Gabby Petito had begged boyfriend Brian Laundrie to stop calling her names as she professed her love for him in a heartbreaking love letter sent before their fateful 2021 trip.
“Brian, you know how much I love you, so (and I write this with love), please stop crying and stop name-calling because we are a team and I am here with you,” Petito wrote in the newspaper. undated letter included in a trove of documents released by the FBI on Monday.
The 22-year-old travel blogger subsequently apologized for being “angry over a stupid piece of paper,” although it is unclear what the argument was about.
“Yes, I can be a child sometimes, I know, but that’s because you give me this energy and I just love you too much, so much that it hurts,” Petito wrote.
“So you in pain is death to me,” she said. “I’m not trying to be negative, but I’m frustrated that I can’t do more.”
Gabby Petito, 22, wrote a heartbreaking letter to her then-boyfriend Brian Laundrie, expressing her love and begging him to stop calling her names
The two were taking a van ride across the country in 2021 when Laundrie killed Petito
Petito then promised that when she returned from New York, she would work with him on the van they would take across the country.
“We can work on the van together and it’s OUR dreams now,” she noted.
“So I hope you understand that if I’m upset, it’s because I love you too much,” Petito concluded.
‘Stop crying now!!! And come home and say you love me with a big hug.’
Laundrie would go on to kill Petito as they traveled across the country, leaving her body in Grand Teton National Park in Wyoming while he returned alone to Sarasota, Florida.
He would later go missing himself and was found dead of a self-inflicted gunshot wound to the head.
Petito apologized for being “upset over a stupid piece of paper,” though it’s unclear what the argument was about
She promised that when she returned from New York, she would work with him on the van they would take across the country
As a frantic search for the 22-year-old blogger continued, agents raided Laundrie’s parents’ South Florida home – the contents of which they recently released Monday in a nearly 400-page document.
In addition to the heartbreaking love letter, the newly released evidence included drawings from Laundrie’s notebook.
One appeared to show a skull surrounded by the words “kill” and in another he repeatedly wrote the words “don’t trust anyone.”

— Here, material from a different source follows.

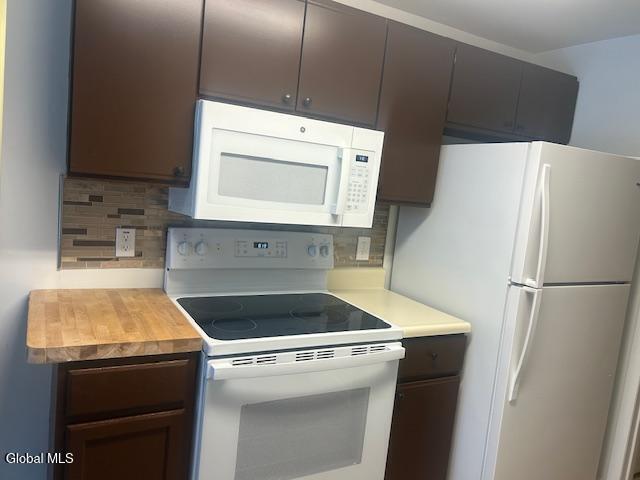 Building Photo - 24 Queen Ann Court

Laundrie also wrote about his mental health problems, at one point noting that he contemplated suicide and kept a revolver under his mattress.
In a diary entry, Laundrie repeatedly wrote “don’t trust anyone”

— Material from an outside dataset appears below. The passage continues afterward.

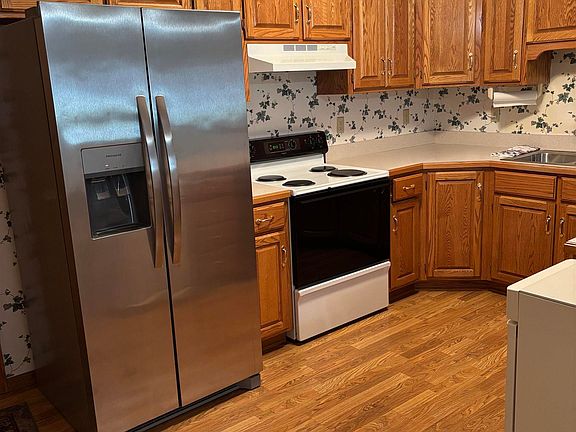 3rd image of 3101 SW Wanamaker Dr APT 53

‘About a year ago I went into a kind of mania where I was punching holes in the wall with my head, kicking through paintings, tearing up what I was working on, pouring petrol on myself to burn myself alive, but the lighter got wet, parking in murder land , listening to Mac [unclear, but may be ‘DeMarco’] with a gun to my head, wrestling alligators,” Laundrie wrote in his diary on October 26, 2018.
‘I wanted to die and the strange thing is that nothing has changed, but the… [timer’s] run down.
‘Under the mattress I lie on is a loaded 357 magnum revolver. If you pull the trigger, all my problems will be over,” he wrote.
In another undated diary entry, Laundrie described a nightmare he had that seemed to be about Petito leaving him.
‘The ocean flows from her blue eyes and the fire is out. With one word the pain is gone. “Brian?” Laundrie wrote.
“Oh, how sweet she is to tell us to get together, but you know when you walk out the door, she’ll be gone forever. You (sic) back in the car, haunted by the eyes you’ll never look into again.’
“The pain burns fresh because you know it’s only tonight. You wake up and you are both free,” Laundrie wrote.
Laundrie left Petito’s body in Grand Teton National Park in Wyoming, returning alone to Sarasota, Florida, where he would later die of a self-inflicted gunshot wound.
Other items the FBI collected include hundreds of bullets, several magazines and a bill of sale and manuals for Ruger .380 and Glock 49mm pistols and a compound bow equipped with a scope.
The reading material found included copies of “The Watchtower,” an illustrated religious magazine published by Jehovah’s Witnesses of New York, and Chuck Palahniuk’s novel “Choke,” about a con man who pretends to choke on food to earn sympathy checks from others.
Near Petito’s body, officers also noted in an affidavit in support of a search warrant application for Laundrie’s home that they found two arrows and a “revolver speedloader with ammunition.”
The FBI was then able to discover that Laundrie had written in a notebook that he was responsible for Petito’s death.
An attorney representing the Petito family told the New York Post the documents prove that Laundrie “was clearly a narcissist and manipulator capable of violence.”